Портрет творческого иждивенца XIX в

 
по материалам романа И. Гончарова «Обрыв».
М. Шульгин: Сочи, апрель, 2025

Предназначен больше для людей, грезящих искусством и живущих на содержании

Предисловие

Борис Райский, небогатый помещик, живущий от доходов в деревне, обеспечиваемых его тетей; десять лет без забот о хлебе насущном живет в Петербурге. Он постоянно снимает три порядочные комнаты у немки, с тех пор как оставил службу, оставил, как только на неё поступил.
     «Теперь Райскому за тридцать лет, а он еще ничего не посеял, не пожал и не шел ни по одной колее, по каким ходят приезжающие изнутри России. Он ни офицер, ни чиновник, не пробивает себе никакого пути трудом, связями, будто нарочно, наперекор всем, один остается недорослем в Петербурге. В квартале прописан он отставным коллежским секретарем».

1. Странный ученик

В детстве Борис Райский любил рассматривать других, подмечал все внешние подробности и особенности человека: как говорит, во что одет, что делает. Часто представлял и самого себя со стороны: как он сидит, какое у него сейчас лицо, что другим приходит на ум, когда они глядят на него.
— «О чем я говорил сейчас? — вдруг спросил его учитель, заметив, что он рассеянно бродит глазами по всей комнате. К удивлению, Райский сказал ему от слова до слова, что он говорил.
— Что же это значит? — спрашивал учитель.
— Райский не знал: он так же машинально слушал, как и смотрел, и ловил ухом только слова.
Учитель повторил объяснение.
— Борис опять слушал, как раздавались слова, но не вникал в суть. Ничего не ускользнуло от него, только ускользнуло значение слов и решение задачи. В математике он не пошел дальше дробей».
     «У него в голове было свое царство цифр в образах: они по-своему строились у него там, как солдаты.
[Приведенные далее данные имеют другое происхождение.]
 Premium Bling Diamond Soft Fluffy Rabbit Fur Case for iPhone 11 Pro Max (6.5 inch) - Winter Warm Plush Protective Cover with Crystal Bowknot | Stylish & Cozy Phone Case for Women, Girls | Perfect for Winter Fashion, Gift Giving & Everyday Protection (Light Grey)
Он придумал им какие-то свои знаки или физиономии, по которым они становились в ряды, слагались, множились и делились; все фигуры их рисовались то знакомыми людьми, то походили на разных животных».
     «Между тем писать выучился быстро, читал со страстью историю, эпопею, роман, басню. Из географии, по климатам, по народам, не мог ничего ответить, «но вне класса вдруг начнет рассказывать о какой-нибудь стране или об океане, о городе — откуда что берется у него!»
     «Симпатии его так часто менялись, что у него не было ни постоянных друзей, ни врагов.  Зато если было задето его самолюбие, затронуты нервы, тогда он одним взглядом в книгу как будто снимет фотографию с урока, запомнит столбцы цифр, отгадает задачу — и вдруг блеснет, как фейерверк, и изумит весь класс, иногда и учителя».
     «Воображение его вспыхивало, и он путем сверкнувшей догадки схватывал тень, верхушку истины, дорисовывал остальное, но только на короткое время».
«Притворяется!» — думают ученики. «Какие способности у этого лентяя!» — подумает учитель.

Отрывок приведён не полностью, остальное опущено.